Information provided —
_ _ _ _ _ _ _

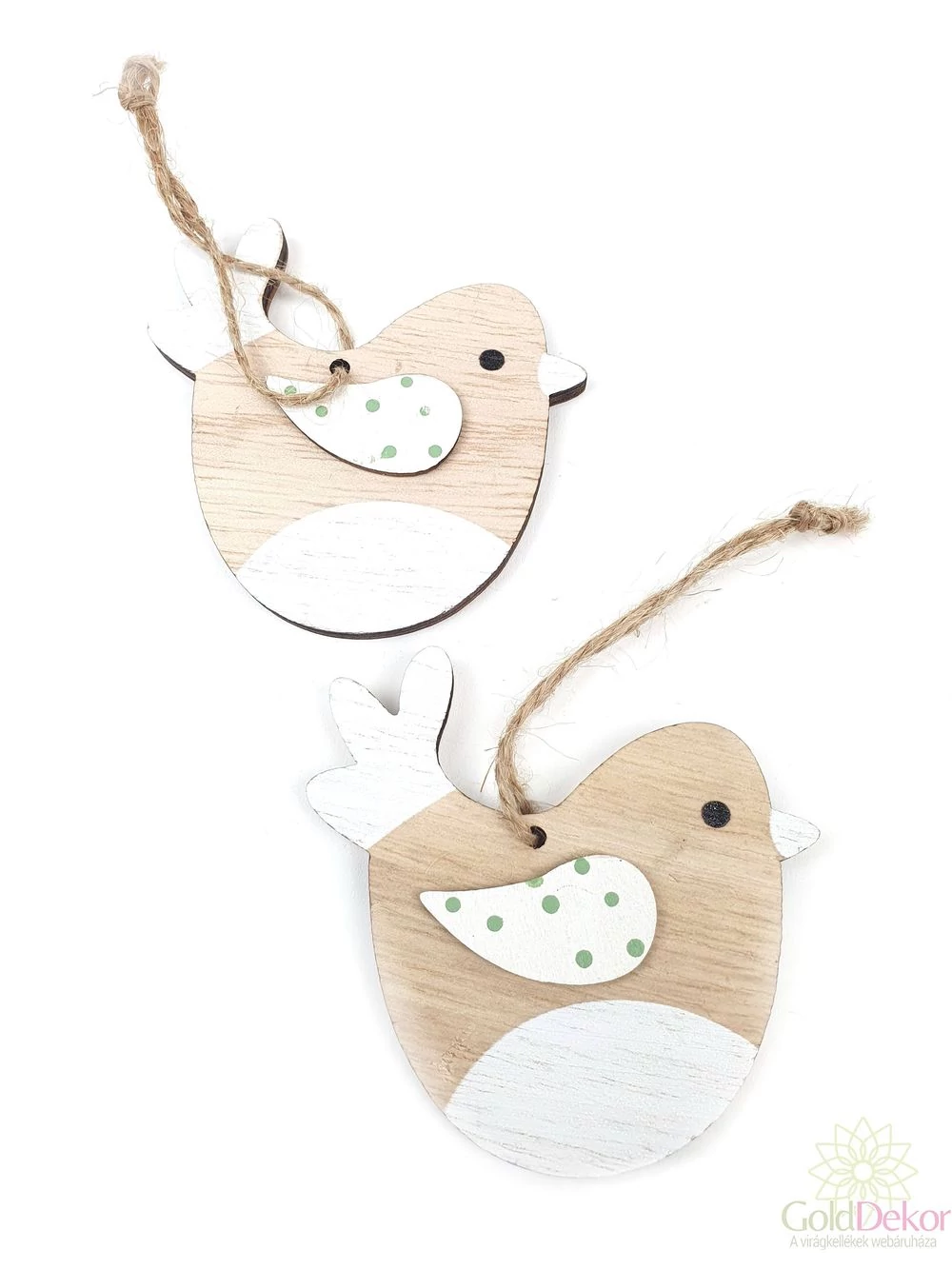 Akasztós pöttyös szárnyú madár pár - fehér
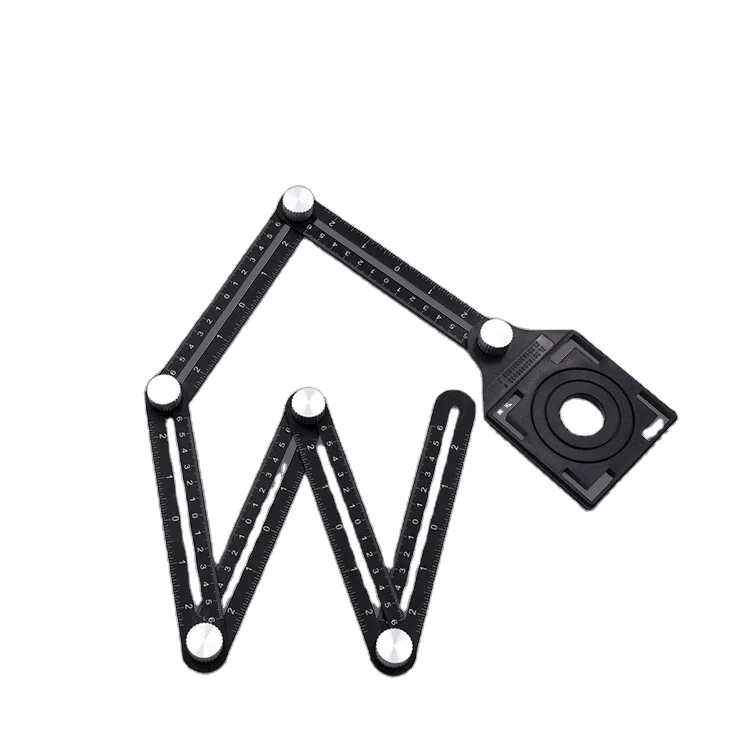 

Measuring Tools Aluminum Alloy Six-fold Ruler Multiple Angle Ruler Ceramic Opening Locator Tile Hole Locator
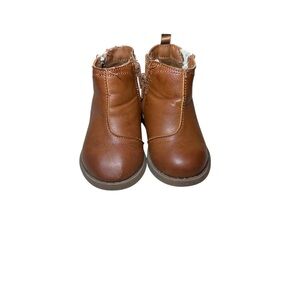 Oshkosh B’Gosh Toddler Girl Glitter Heel Ankle Boots Size 5 Brown and Gold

_ _ _ _ _ _ _

What you will do — Every line from the one containing "Measuring Tools Aluminum" to the last line of the material must be returned exactly. Leave out any pictures.

Response area —
Measuring Tools Aluminum Alloy Six-fold Ruler Multiple Angle Ruler Ceramic Opening Locator Tile Hole Locator
 Oshkosh B’Gosh Toddler Girl Glitter Heel Ankle Boots Size 5 Brown and Gold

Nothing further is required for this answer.